Yes, I'll try to do my best
Think of handwriting or optical character recognition (OCR) as a three-dimensional problem that is made out of a two-dimensional drawing pad with a height and width of 32 pixel. For the sake of it, let's say very pixel holds information of three bits:
- 000: Pixel is completely black (not written on)
- 001: Pixel is slightly grey-ish (not directly written on, minimal "bleeding" from neighbor pixel)
- 010: Pixel is a bit more grey-ish (not directly written on, a bit more "bleeding" from neighbor pixel)
- etc.
- 111: Pixel is completely white (directly written on)
That makes a 32 * 32 * 6 bits three-dimensional array we could now feed into a CNN.

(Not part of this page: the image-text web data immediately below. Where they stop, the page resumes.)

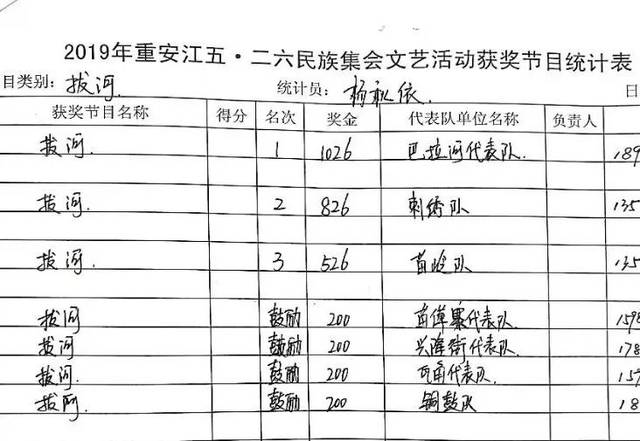 中国十大少数民族特色建筑2025年排行榜前十名榜单出炉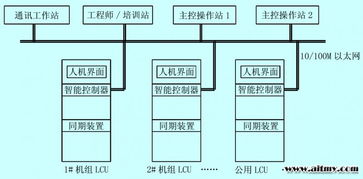 MB80 PLC在水电厂自动化系统中的应用与系统开发集成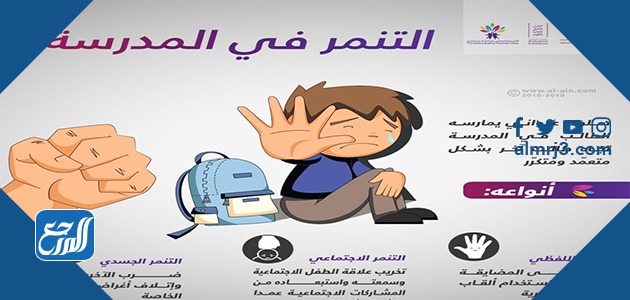 ملصقات عن التنمر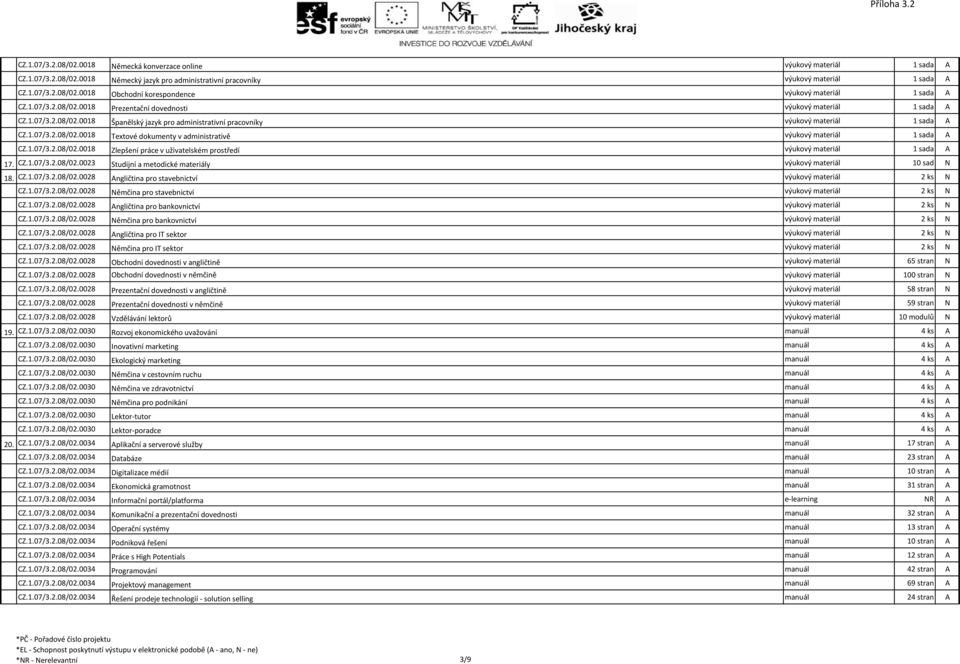 1.07/3.2.08/02.0018 Zlepšení práce v uživatelském prostředí výukový materiál 1 sada A 17. CZ.1.07/3.2.08/02.0023 Studijní a metodické materiály výukový materiál 10 sad N 18. CZ.1.07/3.2.08/02.0028 Angličtina pro stavebnictví výukový materiál 2 ks N CZ.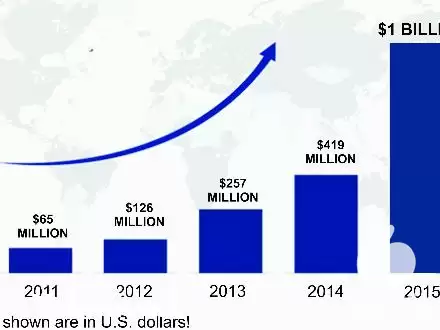 بازاریابی کالاهای خود را به ما در گروه تبلیغات و بازاریابی در یکمیوه -عکس1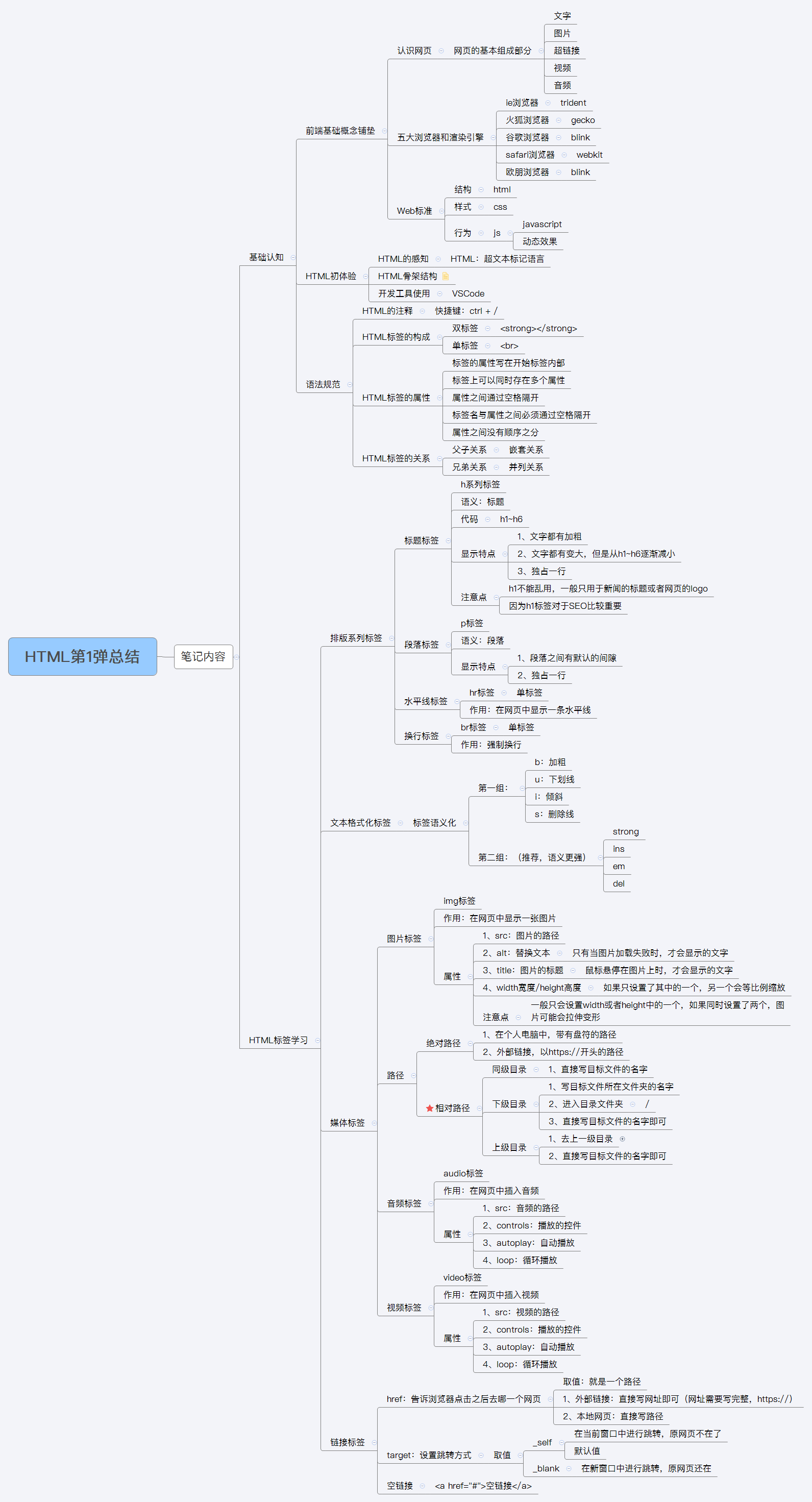HTML第1弹总结.png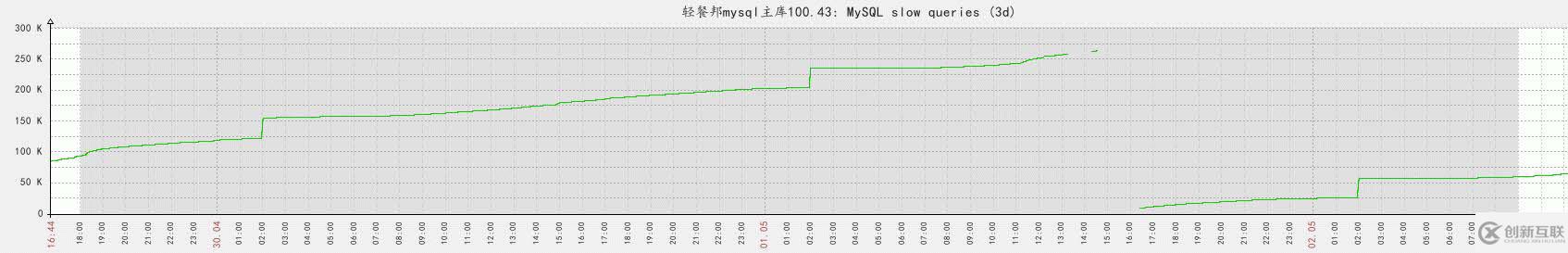 ubuntu mysql5.6 占用CPU过高以致机器卡死该怎么处理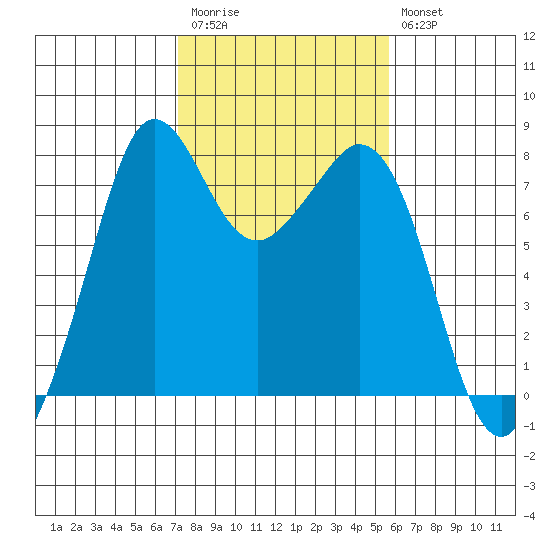 Bellingham tide chart for Monday, February 20, 2023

But if we now want to factor in / t, we could just use a three-dimensional array for every frame (32 * 32 * 6 * t), with the result of pumping the newly created array into the fourth dimension. This four-dimensional array can then be fed into the CNN just like any other, one-, two- or three-dimensional array, hence calling this approach "naïve"
This is pretty common technique for 2D data + time (eg. stock charts) but you can theoretically add extra dimensions to datasets of any given dimension as described above.
If Kip says the math gets too hairy, you better believe him, haha.
Referring to my example above, I'd like you think of dimensions in the mathematical sense: Time is just a bit of (extra) information that isn't special in any way
EDIT: This is my last post on this topic. At least in this thread. Sorry for de-railing the discussion.